For the users with  highest counts of activities, these show:

 - The top 50 "submittors" are maintaining an average of *over* one submission every day.
 - Around 10 of the top users are gaining 3-7 followers on average per day.
 - A few users vote for 5+ Notebooks every day.
 - The top 50 "Notebookers" are running at least one new Notebook version every day.
 - Chris Deotte has over 20 discussion votes for every day since he registered!
 - Marília Prata is averaging about 14 new forum posts per day!
 - "City of San Jose Data" creates about 75 dataset versions per day

## Contents

 * [League Tables](#League-Tables)
 * [ForumMessageVotes - Ratio](#ForumMessageVotes---Ratio)
 * [Followers - Ratio](#Followers---Ratio)
 * [Average: Votes per Discussion Post](#Average:-Votes-per-Discussion-Post)
 * [Average: Submissions per Competition](#Average:-Submissions-per-Competition)
 * [Summarize Total Activity](#Summarize-Total-Activity)
 * [Correlation Between Different Activity Counts](#Correlation-Between-Different-Activity-Counts)
 * [Hyper Kagglers](#Hyper-Kagglers)
 * [Hyper Kagglers 2](#Hyper-Kagglers-2)
 * [Columnwise Counts](#Columnwise-Counts)
 * [Counting Separate Activities](#Counting-Separate-Activities)
 * [Specialised Counts](#Specialised-Counts)
 * [Signup Rate](#Signup-Rate)
 * [Tiers](#Tiers)
 * [The End](#The-End)

 [1]: https://en.wikipedia.org/wiki/1%25_rule_(Internet_culture)
 [2]: https://www.gapminder.org/answers/where-do-people-live/
 

In [1]:
import gc, os, sys, time
import pandas as pd, numpy as np
from itertools import combinations
from IPython.display import HTML, display
import matplotlib.pyplot as plt
import seaborn as sns

pd.options.display.max_rows = 200

In [2]:
plt.rc('figure', figsize=(12, 8))

In [3]:
IN_DIR = '../input/meta-kaggle'
if not os.path.isdir(IN_DIR):
    IN_DIR = '../input'
len(os.listdir(IN_DIR))

In [4]:
users = pd.read_csv(os.path.join(IN_DIR, 'Users.csv'), parse_dates=['RegisterDate'])
idx = users.DisplayName.str.len() <= 1
users.loc[idx, 'DisplayName'] = users.loc[idx, 'UserName']
users.UserName.fillna('', inplace=True)
users.DisplayName.fillna('[deleted user]', inplace=True)
users.DisplayName = users.DisplayName.str[:32]
users = users.set_index('Id')
users.shape

In [5]:
one_day = pd.Timedelta(1, 'd')
latest = users.RegisterDate.max() + one_day
latest

In [6]:
users['Age'] = ((latest - users.RegisterDate) / one_day).astype('int32')

In [7]:
EXCLUDE_USERS = [2080166] # Kaggle Kerneler - very high stats that distort the league tables!

users.loc[EXCLUDE_USERS].T

In [8]:
users = users.drop(EXCLUDE_USERS)
users.shape

In [9]:
users.head()

In [10]:
def columns(fn):
    df = pd.read_csv(fn, nrows=5)
    return df.columns

def user_columns(fn):
    return [c for c in columns(fn) if 'UserId' in c]

For each csv

 -        read user id columns
 -        add counts to main users df  - format is Count_Table_Column, e.g.
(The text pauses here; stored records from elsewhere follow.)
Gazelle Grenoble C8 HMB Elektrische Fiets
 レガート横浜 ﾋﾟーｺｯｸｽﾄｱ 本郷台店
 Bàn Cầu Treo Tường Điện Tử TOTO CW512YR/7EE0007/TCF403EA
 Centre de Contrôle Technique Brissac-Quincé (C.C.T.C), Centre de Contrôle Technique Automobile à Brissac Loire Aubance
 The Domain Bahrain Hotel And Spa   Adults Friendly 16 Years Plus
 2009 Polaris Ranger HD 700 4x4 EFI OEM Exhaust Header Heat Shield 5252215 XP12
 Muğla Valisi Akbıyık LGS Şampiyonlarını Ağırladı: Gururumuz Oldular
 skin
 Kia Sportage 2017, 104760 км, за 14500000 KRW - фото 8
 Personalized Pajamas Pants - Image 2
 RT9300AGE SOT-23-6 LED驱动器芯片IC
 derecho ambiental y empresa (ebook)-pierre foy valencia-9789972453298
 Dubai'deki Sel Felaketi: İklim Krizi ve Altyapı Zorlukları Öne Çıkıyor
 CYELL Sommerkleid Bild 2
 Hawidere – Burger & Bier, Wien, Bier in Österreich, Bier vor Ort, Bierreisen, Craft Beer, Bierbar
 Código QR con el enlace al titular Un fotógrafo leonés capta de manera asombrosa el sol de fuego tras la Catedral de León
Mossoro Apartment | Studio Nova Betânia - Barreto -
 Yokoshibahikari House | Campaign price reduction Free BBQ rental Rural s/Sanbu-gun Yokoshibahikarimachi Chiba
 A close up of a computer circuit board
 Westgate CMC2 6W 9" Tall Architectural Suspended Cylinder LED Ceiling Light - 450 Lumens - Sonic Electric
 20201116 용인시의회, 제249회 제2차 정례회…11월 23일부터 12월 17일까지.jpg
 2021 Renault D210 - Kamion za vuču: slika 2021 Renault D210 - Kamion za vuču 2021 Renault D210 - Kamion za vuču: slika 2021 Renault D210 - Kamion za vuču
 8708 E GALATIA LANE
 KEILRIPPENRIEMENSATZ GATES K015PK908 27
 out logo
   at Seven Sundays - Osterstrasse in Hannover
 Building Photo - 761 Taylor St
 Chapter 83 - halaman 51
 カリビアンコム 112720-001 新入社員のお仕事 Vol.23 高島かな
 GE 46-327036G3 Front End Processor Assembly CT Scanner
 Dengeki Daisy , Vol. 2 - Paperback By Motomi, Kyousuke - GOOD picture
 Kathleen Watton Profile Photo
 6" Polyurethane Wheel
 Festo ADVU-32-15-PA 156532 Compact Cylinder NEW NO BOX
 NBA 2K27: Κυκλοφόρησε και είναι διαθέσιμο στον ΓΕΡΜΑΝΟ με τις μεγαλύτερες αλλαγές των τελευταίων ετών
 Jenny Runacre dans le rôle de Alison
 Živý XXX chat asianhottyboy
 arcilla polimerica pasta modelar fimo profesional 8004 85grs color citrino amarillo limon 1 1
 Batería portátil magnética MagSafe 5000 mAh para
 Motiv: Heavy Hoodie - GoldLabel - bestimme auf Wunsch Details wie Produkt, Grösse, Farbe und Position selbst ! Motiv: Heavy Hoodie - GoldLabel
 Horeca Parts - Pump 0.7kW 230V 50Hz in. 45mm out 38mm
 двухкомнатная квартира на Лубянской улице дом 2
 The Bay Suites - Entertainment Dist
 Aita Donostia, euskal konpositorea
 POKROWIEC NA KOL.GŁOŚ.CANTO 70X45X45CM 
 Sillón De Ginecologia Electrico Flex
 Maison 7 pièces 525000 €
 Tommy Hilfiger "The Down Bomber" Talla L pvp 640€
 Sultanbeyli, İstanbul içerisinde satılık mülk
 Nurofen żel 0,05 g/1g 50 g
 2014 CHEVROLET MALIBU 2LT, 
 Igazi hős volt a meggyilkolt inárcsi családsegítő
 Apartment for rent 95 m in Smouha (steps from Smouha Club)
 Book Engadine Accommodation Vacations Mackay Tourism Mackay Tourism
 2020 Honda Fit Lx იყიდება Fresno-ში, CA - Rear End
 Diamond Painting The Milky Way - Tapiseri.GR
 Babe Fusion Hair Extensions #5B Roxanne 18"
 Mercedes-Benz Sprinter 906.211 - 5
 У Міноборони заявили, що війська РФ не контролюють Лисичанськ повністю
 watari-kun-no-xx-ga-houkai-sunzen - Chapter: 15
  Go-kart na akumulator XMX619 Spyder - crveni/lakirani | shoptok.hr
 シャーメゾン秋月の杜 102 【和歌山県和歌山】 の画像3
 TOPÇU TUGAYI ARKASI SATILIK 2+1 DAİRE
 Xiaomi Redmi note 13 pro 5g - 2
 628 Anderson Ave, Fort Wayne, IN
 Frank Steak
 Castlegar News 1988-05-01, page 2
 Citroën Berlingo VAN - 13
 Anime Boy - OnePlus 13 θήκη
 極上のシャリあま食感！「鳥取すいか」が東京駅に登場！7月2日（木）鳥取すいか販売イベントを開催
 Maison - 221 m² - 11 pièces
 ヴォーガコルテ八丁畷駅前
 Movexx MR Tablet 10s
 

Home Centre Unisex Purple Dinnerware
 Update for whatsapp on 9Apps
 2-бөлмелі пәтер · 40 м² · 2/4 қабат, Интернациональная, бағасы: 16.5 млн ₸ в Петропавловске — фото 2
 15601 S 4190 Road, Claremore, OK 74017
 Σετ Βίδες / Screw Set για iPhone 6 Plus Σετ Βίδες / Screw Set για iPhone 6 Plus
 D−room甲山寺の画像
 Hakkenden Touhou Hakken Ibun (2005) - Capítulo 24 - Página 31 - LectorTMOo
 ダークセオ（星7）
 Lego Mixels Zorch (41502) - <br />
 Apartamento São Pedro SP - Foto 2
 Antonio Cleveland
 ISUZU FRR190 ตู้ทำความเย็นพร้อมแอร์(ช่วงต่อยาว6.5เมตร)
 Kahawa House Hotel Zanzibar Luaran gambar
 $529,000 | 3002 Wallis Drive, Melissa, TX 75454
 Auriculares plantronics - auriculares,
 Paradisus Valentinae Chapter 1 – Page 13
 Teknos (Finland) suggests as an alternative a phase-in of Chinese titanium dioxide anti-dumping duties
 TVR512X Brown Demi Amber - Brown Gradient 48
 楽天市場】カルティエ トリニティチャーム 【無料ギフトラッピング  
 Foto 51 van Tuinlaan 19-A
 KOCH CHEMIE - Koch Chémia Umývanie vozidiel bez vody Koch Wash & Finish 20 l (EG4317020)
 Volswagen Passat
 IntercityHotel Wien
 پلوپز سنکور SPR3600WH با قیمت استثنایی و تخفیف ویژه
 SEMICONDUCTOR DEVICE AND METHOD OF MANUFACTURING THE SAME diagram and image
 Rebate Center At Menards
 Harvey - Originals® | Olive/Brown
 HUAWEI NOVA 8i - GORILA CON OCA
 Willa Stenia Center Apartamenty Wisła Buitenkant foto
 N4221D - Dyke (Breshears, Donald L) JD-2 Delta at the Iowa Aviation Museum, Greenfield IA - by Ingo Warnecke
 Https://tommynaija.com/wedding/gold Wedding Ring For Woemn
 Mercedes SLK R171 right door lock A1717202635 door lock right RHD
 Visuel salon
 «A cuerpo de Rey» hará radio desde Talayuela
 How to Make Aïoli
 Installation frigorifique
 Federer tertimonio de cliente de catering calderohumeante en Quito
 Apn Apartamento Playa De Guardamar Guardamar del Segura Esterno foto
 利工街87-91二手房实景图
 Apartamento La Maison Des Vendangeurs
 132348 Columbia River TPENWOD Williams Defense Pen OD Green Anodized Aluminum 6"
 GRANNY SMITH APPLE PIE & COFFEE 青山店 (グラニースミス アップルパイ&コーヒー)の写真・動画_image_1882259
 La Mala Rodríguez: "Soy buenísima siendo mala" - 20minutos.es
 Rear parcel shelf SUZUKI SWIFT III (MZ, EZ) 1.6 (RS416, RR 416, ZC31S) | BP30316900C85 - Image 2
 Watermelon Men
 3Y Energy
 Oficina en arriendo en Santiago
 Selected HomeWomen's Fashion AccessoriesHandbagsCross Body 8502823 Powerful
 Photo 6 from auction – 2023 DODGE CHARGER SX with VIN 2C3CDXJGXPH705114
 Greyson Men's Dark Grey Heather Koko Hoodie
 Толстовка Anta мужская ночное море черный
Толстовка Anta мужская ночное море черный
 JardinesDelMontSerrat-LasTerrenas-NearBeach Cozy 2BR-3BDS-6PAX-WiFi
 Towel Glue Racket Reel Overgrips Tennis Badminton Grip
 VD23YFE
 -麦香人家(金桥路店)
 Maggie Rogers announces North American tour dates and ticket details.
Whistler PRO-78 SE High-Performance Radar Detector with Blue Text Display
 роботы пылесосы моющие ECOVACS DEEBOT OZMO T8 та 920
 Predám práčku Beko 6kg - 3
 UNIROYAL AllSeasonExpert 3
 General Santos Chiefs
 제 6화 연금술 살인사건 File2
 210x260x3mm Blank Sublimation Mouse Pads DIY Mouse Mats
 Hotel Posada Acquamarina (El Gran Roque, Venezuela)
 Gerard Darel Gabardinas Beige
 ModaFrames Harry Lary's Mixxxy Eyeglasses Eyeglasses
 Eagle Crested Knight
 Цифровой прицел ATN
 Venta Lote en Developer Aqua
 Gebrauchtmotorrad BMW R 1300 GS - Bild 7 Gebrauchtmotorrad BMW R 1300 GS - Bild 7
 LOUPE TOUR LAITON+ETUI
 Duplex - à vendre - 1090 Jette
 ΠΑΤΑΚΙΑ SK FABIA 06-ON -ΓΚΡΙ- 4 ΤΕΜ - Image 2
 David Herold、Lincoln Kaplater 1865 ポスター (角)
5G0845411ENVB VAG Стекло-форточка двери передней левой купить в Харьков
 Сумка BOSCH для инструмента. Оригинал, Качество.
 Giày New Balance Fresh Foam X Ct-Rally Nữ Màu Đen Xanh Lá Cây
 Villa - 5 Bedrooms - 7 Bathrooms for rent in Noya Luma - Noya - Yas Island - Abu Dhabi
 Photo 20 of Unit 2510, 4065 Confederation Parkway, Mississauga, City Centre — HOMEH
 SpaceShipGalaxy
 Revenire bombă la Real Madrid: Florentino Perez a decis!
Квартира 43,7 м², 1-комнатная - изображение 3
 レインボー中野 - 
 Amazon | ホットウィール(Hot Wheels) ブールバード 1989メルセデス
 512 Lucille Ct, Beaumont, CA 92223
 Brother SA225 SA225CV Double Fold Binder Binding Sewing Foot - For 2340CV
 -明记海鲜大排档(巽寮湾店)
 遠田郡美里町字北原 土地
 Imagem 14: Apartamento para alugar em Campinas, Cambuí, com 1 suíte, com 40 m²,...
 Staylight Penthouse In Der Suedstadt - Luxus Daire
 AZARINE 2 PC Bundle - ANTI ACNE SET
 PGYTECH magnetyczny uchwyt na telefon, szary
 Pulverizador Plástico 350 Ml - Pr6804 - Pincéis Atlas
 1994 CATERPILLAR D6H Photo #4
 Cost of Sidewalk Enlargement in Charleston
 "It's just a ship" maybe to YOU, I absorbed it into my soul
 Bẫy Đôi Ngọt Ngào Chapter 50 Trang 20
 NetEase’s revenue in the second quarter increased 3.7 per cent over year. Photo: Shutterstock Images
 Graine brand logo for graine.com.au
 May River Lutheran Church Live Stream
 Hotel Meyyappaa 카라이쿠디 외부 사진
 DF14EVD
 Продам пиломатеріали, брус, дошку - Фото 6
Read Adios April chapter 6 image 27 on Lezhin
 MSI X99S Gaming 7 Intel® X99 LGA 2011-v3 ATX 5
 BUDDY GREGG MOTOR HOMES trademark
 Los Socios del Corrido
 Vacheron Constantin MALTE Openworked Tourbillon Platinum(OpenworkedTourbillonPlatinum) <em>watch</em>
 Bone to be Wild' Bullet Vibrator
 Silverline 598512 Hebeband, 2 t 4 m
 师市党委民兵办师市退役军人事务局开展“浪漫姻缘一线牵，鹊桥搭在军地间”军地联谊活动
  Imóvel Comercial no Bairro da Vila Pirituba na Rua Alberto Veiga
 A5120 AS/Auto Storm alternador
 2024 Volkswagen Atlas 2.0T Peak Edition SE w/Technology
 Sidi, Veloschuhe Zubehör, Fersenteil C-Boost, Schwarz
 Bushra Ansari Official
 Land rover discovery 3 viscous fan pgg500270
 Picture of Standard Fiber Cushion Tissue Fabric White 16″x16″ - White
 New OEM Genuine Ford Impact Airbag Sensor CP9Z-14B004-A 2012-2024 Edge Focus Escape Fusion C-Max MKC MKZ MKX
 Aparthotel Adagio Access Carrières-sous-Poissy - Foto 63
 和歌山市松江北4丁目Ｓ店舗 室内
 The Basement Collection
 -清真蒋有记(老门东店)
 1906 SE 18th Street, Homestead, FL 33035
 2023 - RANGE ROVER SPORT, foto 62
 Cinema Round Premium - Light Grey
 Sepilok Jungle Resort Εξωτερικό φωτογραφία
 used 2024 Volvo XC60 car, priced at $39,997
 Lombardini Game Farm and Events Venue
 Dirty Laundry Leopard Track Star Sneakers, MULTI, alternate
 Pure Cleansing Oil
Count_Kernels_AuthorUserId is how many Kernels they have authored.

In [11]:
nrows = None
for f in sorted(os.listdir(IN_DIR)):
    if '.csv' in f:
        csv = os.path.join(IN_DIR, f)
        cols = user_columns(csv)
        if len(cols) < 1:
            continue
        table = f.replace('.csv', '')
        df = pd.read_csv(csv, usecols=['Id'] + cols, nrows=nrows)
        # ForumMessageVotes contents duplicated
        # https://www.kaggle.com/kaggle/meta-kaggle/discussion/181883
        # must use drop_duplicates
        df = df.drop_duplicates(subset=['Id'])
        for col in cols:
            tag = f'Count_{table}_{col}'
            print(tag)
            vc = df[col].value_counts()
            ser = users.index.map(vc)
            users[tag] = ser.fillna(0).astype('int32')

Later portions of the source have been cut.